From Hibbing, it really didn't take us long to get up to Orr, home of the giant bluegill, on Pelican Lake in the Superior National Forest. From there we continued up St. Louis County road 23 to Buyck. As we approached, my dad consulted the map and said, "The next town's called 'Boik' or 'Buick' or something like that?" When we saw their road sign, we learned how to pronounce it, for attached to the top of the sign was a little girl's bicycle! "Bike!" The townsfolk must have been sick of hearing it mispronounced.

My Dad.

Our ultimate destination was Echo Lake, down a dirt road seven miles from the Sportsman's Last Chance tavern. The Vermilion River runs through Buyck, and flows north about twelve miles to its terminus in Crane Lake, on the Canadian border.

The campsites at Echo Lake were generously spaced, and we chose one that was pretty open, and overlooked the lake. Several other campsites were occupied, which surprised us, being Sunday night and so remote. There was also a live-in host, which I had never experienced before, camped in a motorhome near the entrance. We saw several trailheads, a dock, a beach, and two playgrounds.

We couldn't believe where we were. It must have been sometime after 3:00 pm. Time for a beer. My dad thought I had asked for MGD instead of High Life, it was ice cold, and it would certainly do. He was saving the Red Dog. We drank MGD and unloaded some gear. In the trunk I saw the Coleman propane stove that had been on every family camping trip I could remember. My dad still kept it in the same cardboard box it came in, and it is a great cardboard box. It's screenprinted with faux woodgrain, to make it look like a crate, and the letters on it appear to be branded onto the "wood." The large photo on the front shows a man with short white hair and a red flannel shirt, squatting on a rocky shore in white canvas shoes, shaking pepper onto his frying eggs with an aluminum shaker. In the background is his beached canoe. What a man!

I noticed two small American flags tucked into the box with the stove. "To keep the rednecks away," my dad said. We clipped one to our site number post, and one to the gable of the tent.

As we sat at the picnic table, my dad said it would be great to bring a birdfeeder camping, to hang up in the site and attract more birds. We had some oranges, so I suggested cutting one in half and impaling the halves on a tree; oranges attract orioles. He liked the idea, and we carried it out.

We then set off in the car (the canoe still on top) with a two-fold mission: to find firewood, and to determine the point five miles from our campsite, where my dad would turn around on his ten-mile run. He had to begin his marathon training in the morning. At the five-mile point there was an easily recognizable grove of birch. I stashed his full bottle of Gatorade at the base of a tree, and dug a line across the road with my boot heel. He couldn't miss it.

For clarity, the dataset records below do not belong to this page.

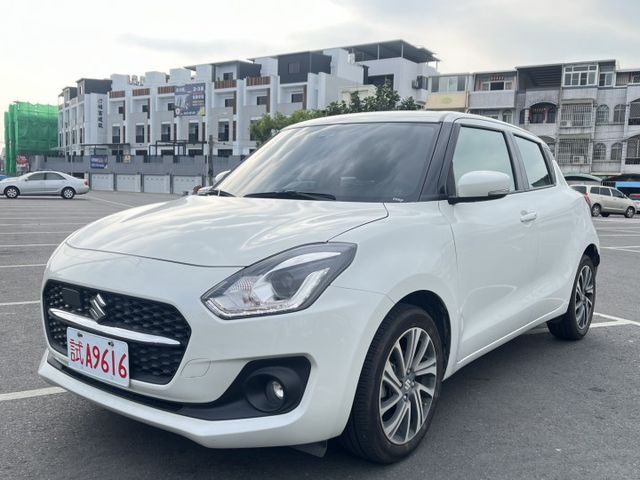 【毅寰汽車】2023 SUZUKI Swift⛧油電⛧小巧可愛 省油省稅⛧摸門解鎖⛧免鑰匙啟動⛧盲點⛧定速｜歡迎賞車 ☏  第1張相片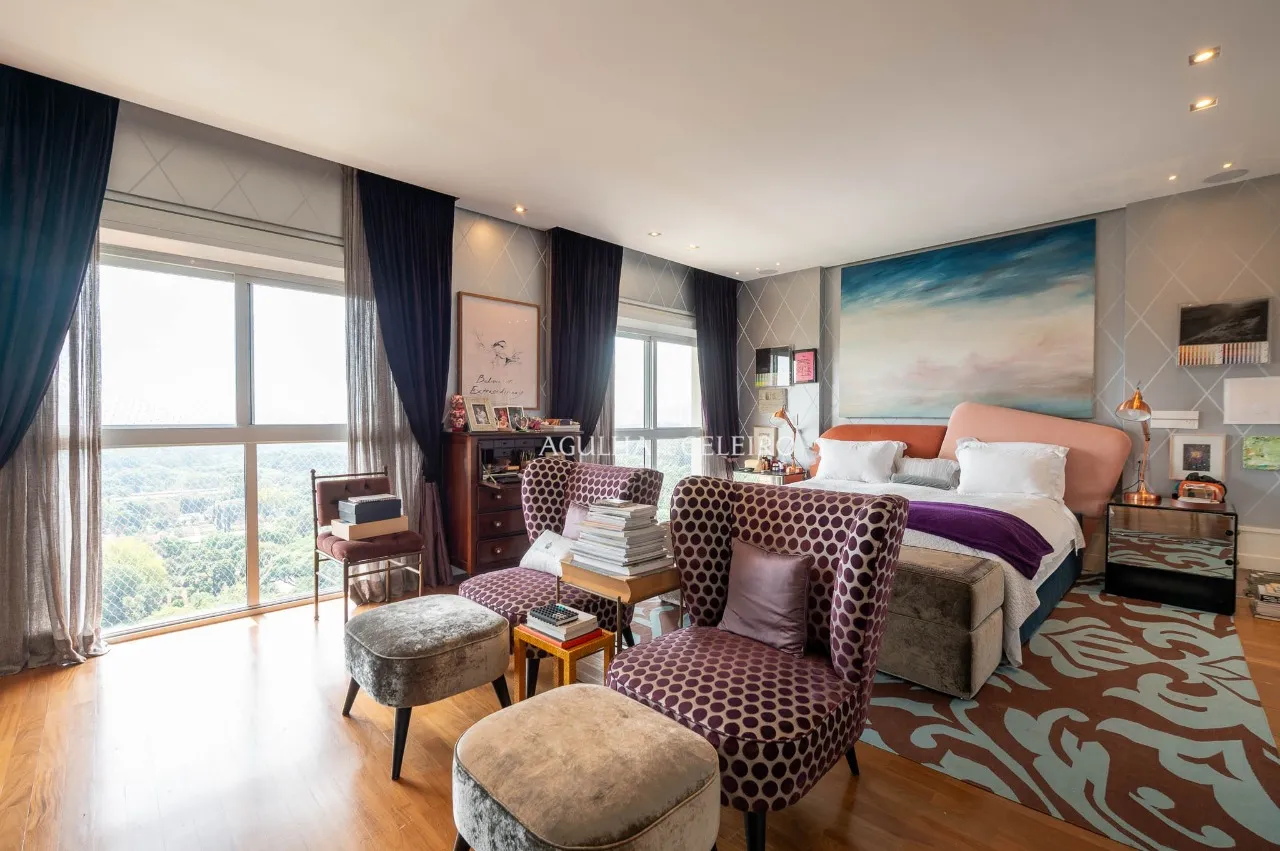 Duplex com Pé-Direito Duplo e Vista para o Ibirapuera – 21378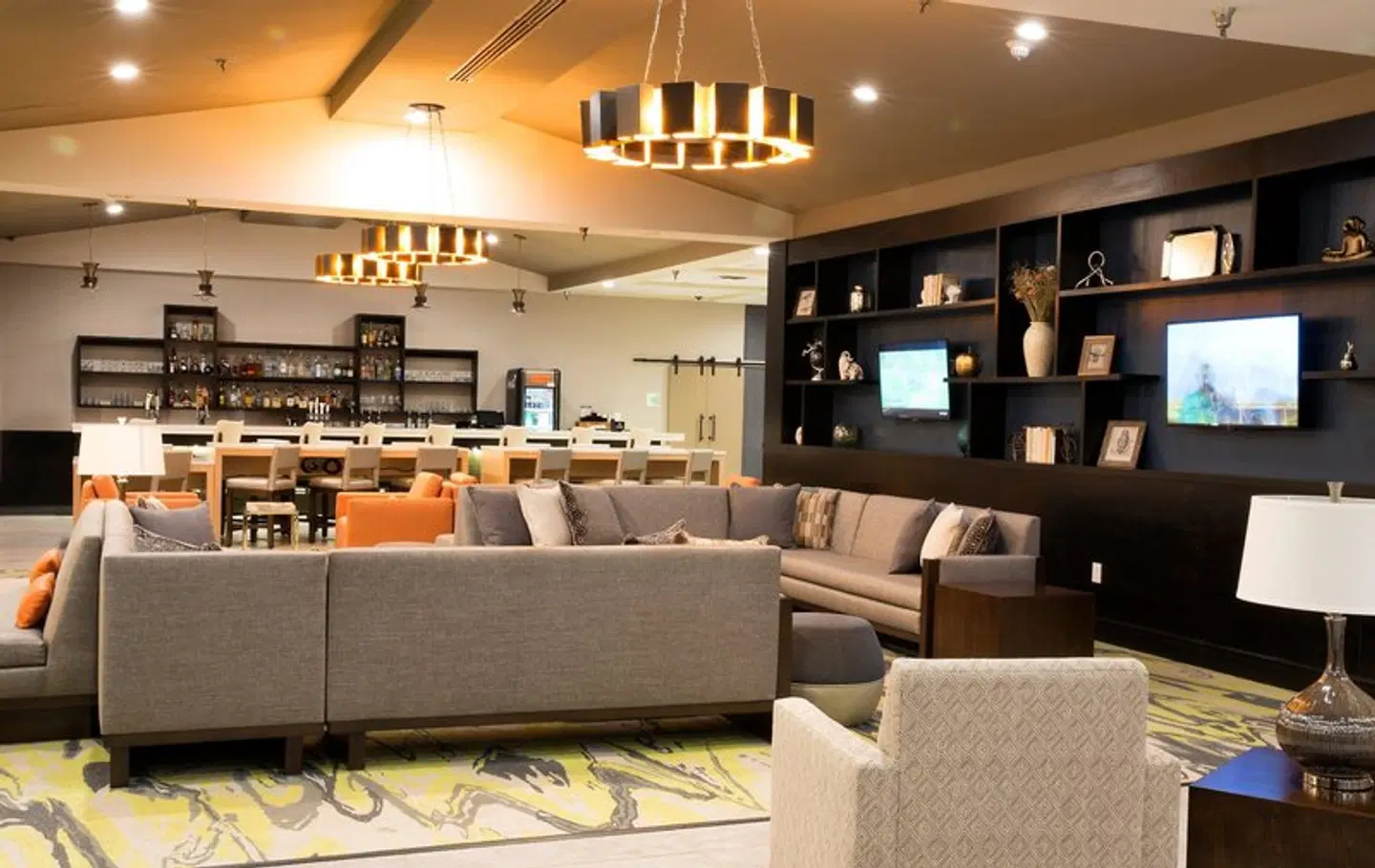 Holiday Inn Alexandria - Downtown by IHG Bar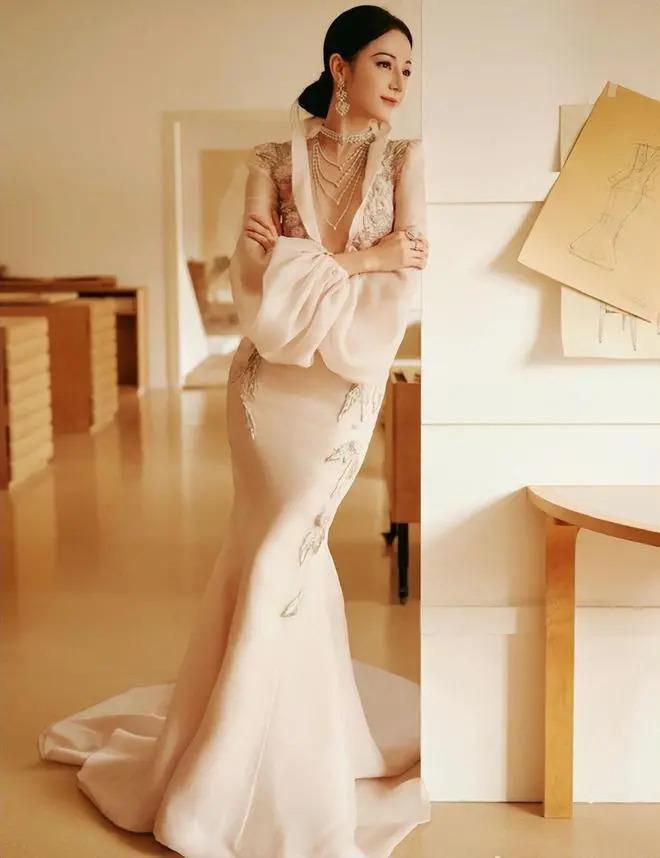 Vogue盛典红毯：娜扎碾压热巴，奚梦瑶超模归来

On the drive back, we pulled over where we saw some big fallen branches. We went opposite directions. I climbed into a tangled pile of dead tamarack, but the branches were still too green, and only bent instead of breaking. I got back up to the road, and my dad was coming toward the car from the other side. When we met he handed me a tiny wild strawberry! I ate it, and followed him back up the sandy trail where he had come from. There were strawberries growing all over the place! I picked a handful, blew off the fine sand, and ate them with delight. The place he led me was the sad remnant of a clear-cutting job, now an vast dump of dry downed trees. We carried armloads of wood back to the car, and laid it on top of the trunk, underneath the canoe. We made it back to camp with nary a stick lost.

The northern evening granted us beer, roasted root vegetables, and well-earned sleep among the fireflies.